Well, Thanksgiving is long over, yet somehow it's still not December, and Christmas is only a distant glimmer on the horizon. So it seems a good time as any to unleash my curmudgeonly side (note: you've been warned!).
I really truly hate it when people invoke "show vs. tell" to justify why a line or a scene should be dramatized rather than merely explained. It's like nails on a chalkboard. Especially, of course, when it's being used to critique my own work!
But I don't think my hatred is all due to pride. I don't have the same reaction to, say, "character development," or "rising tension." No, I think it's because "show vs. tell" is such a trite phrase, in my opinion often meaningless and over-used. In reality, a writer's decision to "show" or "tell" can be meaty and complex, and "show" should not always win out.

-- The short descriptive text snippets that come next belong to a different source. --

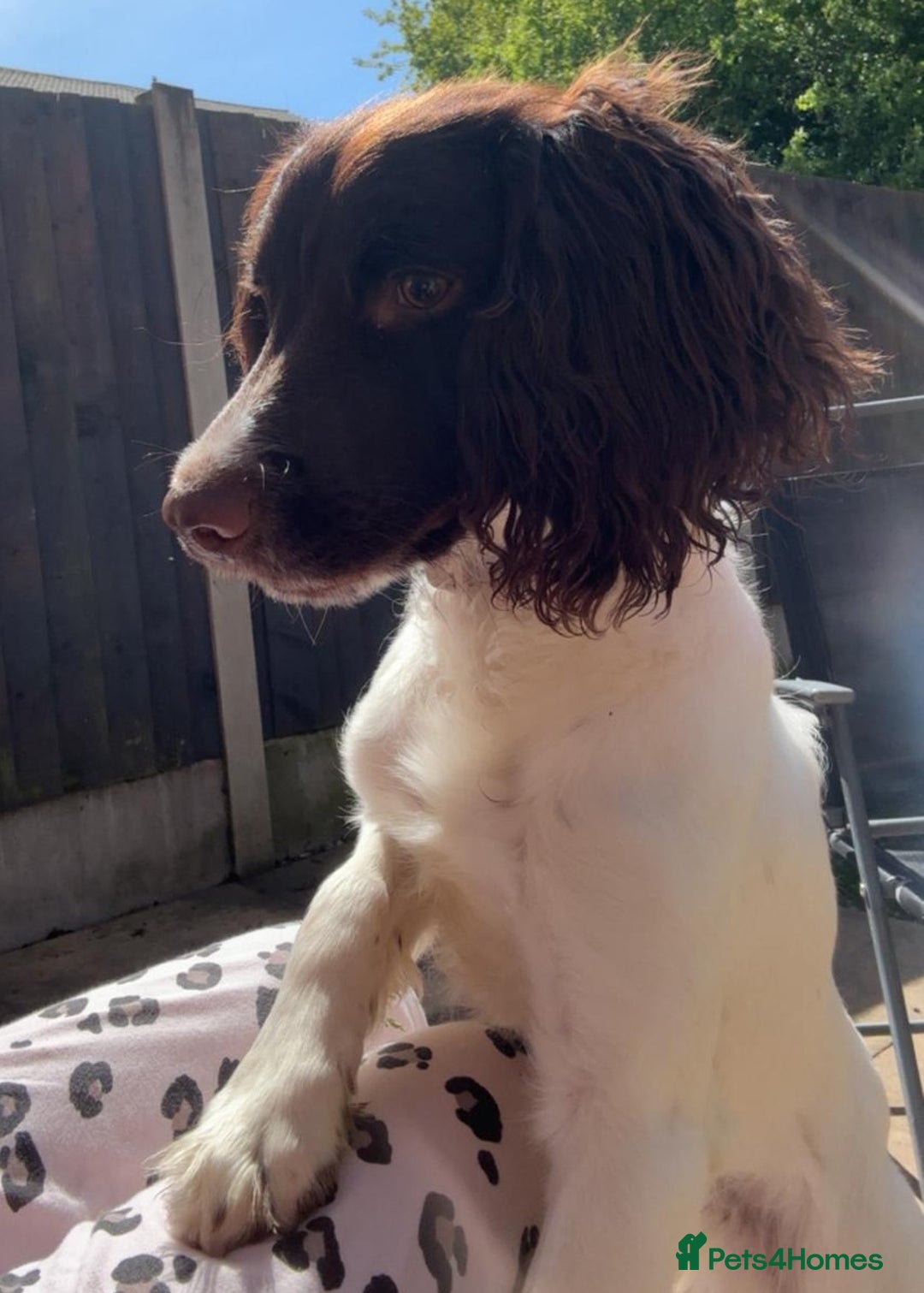 English Springer Spaniel dogs for adoption: 💙🐶 ARLO 🐶💙 - Image 9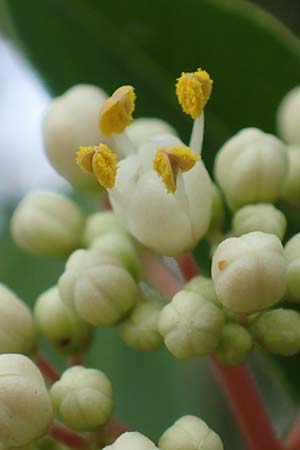 Tetradium daniellii \ Samthaarige Stink-Esche, Bienenbaum / Bee Bee Tree, Korean Evodia, D Gro&szlig;-Gerau 15.7.2017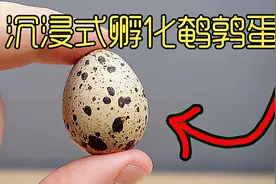 耗时60天，孵化超市买来的60个鹌鹑蛋，这过程太难了视频封面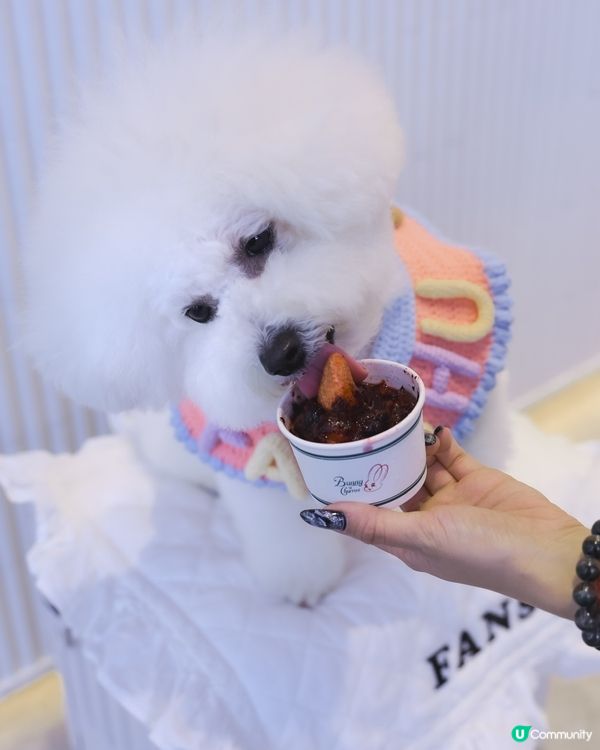 夏日透心涼綿綿冰🤤 🍧寵物都Like! 食到舔舔脷！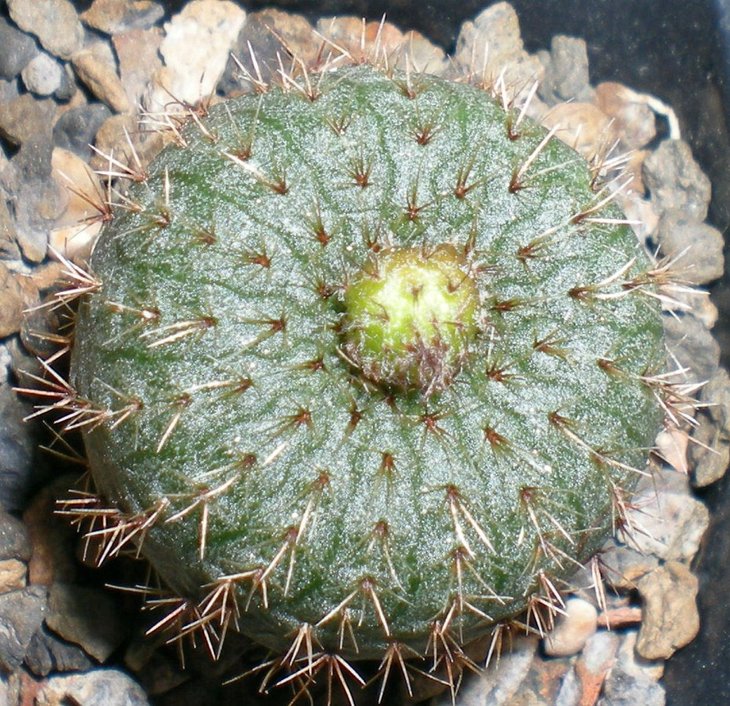 Frailea uhligiana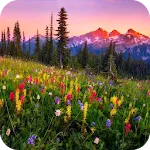 Mountain Flowers icon
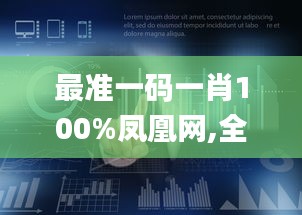 最准一码一肖100%凤凰网,全面数据策略实施_Holo2.196
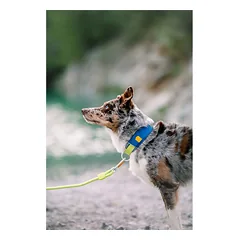 Woolly Wolf Alpha 360 Collar Deep Teal Mix antkaklis šunims iš perdirbto plastiko, M — 2 nuotrauka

Firstly, I think "showing" is often a quick path to cliché writing. How many ways are there to say that my character's heart is racing? And if I instead turn to my thesaurus and say her heart is pounding, or thumping, or galloping out of her chest like a doped thoroughbred, does that make it any less cliché?

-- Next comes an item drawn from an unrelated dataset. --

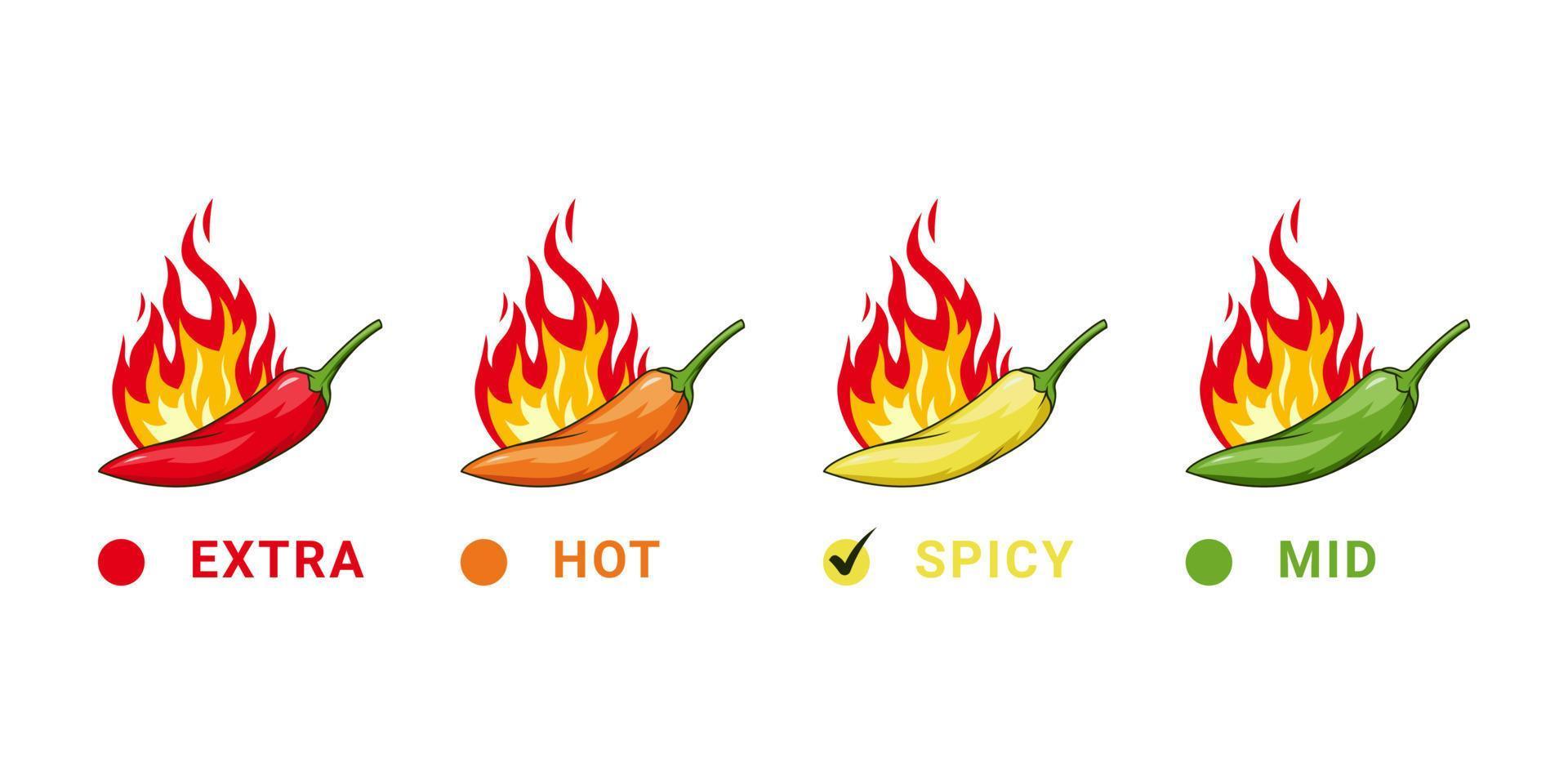 Spicy level chili illustration vector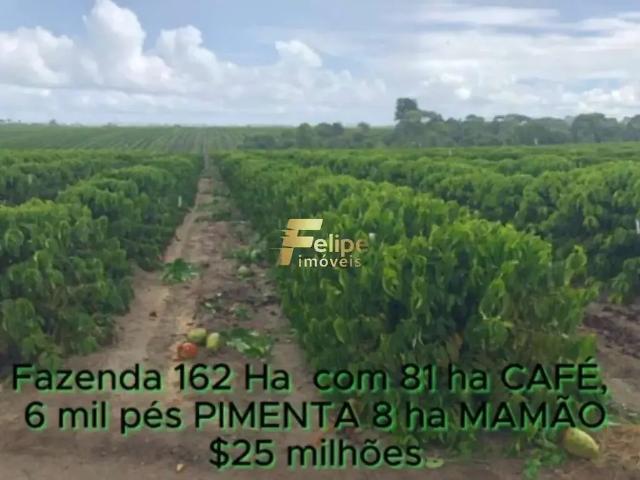 Fazenda venda em Região Geográfica Imediata de Eunápolis - Porto Seguro, Eunápolis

Also, a wise editor once taught me that sometimes "telling", at the end of a long, descriptive paragraph, can be an emotional confirmation for a reader, even a perfect kick in the stomach. Take this example from Harry Potter (underlining mine!): "Harry, Ron, and Hermione sniffed interestedly as they passed large, bubbling cauldrons. . . . They chose the [table] nearest a gold-colored cauldron that was emitting one of the most seductive scents Harry had ever inhaled: Somehow it reminded him simultaneously of treacle tart, the woody smell of a broomstick handle, and something flowery he thought he might have smelled at the Burrow. A great contentment stole over him; he grinned across at Ron, who grinned back lazily." Beautiful description, huh? But I think it's the telling in the last sentence that solidifies it all in my mind.
Plus, sometimes, the line between "showing" and "telling" is quite blurred. Take this scene from Please Excuse Vera Dietz, a contemporary YA novel by A. S. King (and one of my favorite reads of the year thus far!):
(warning, one curse word and a pretty insignificant spoiler)

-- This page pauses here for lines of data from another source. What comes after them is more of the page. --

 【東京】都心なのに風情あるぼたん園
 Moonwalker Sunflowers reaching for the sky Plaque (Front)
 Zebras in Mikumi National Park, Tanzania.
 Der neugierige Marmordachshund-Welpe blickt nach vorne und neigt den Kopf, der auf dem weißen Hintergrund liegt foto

"So, I kiss him and it feels really nice, and I really don't care that James is twenty-three, or a college dropout, or that he smokes. I wonder if this is step two on the baby-steps-to-loserdom trip I seem to be taking tonight, but I simultaneously don't care. I'm eighteen years old and I've never had a real boyfriend. I've never got past first base or gone to the prom or got detention for PDA. All this time I thought that if I avoided all the slutty shit my mother must have done, I would be a good person. I'd be safe. I'd be better than her. But while James is kissing me and holding the back of my head with his strong fingers entwined in my hair, I realize I don't really care about my mother and how she became a shallow loser capable of leaving her husband and kid. I realize that this feels nice and I really want to keep doing it."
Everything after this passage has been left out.